Reinforcement Learning and Deep Learning

Autumn Quarter
Instructor: Niels Nygaard

The course begins with a quick introduction to Deep Learning i.e., Neural Networks (NN).  We discuss how such models are trained on data, loss functions and Stochastic Gradient Descent (SGD).

We then discuss Markov Decision Processes (MDP) and the Bellman Equation. This is the foundation of Reinforcement Learning. The objective is to learn to make decisions i.e., select actions that maximize an expected sum of rewards.  

We introduce the value and the q-functions and show how the problem of finding best actions is formulated in terms of these functions. We then show how NNs can be used to approximate q-functions. This method (and the Deep Q-Learning (DQN) model) was invented by researchers at Google’s DeepMind affiliate and contains several clever innovations.

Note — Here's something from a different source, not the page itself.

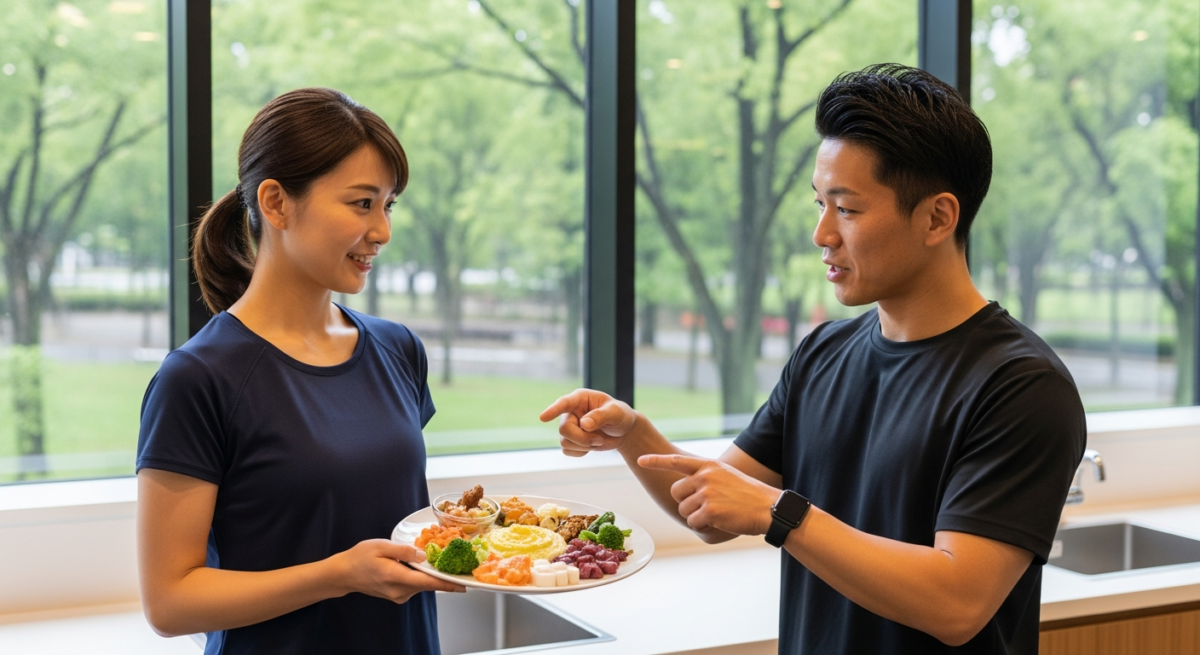食事の「質感」を変えてダイエット加速!石神井公園のジムが解説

We then turn to some very recent research that proposes a new approach to many RL problems. The model is known as the Decision Transformer and it combines RL with one of the most important innovations in Deep Learning in the last five years, the Transformer architecture.  We go through this architecture in some detail and show how it is used in Natural Language Processing (NLP)

The Decision Transformer applies Transformer architecture to RL problems to create models which are much simpler to code. The Decision Transformer model seems to be very appropriate for applications in Finance and there are many opportunities for further developments.

In the course we will code models from some of the research papers on these subjects.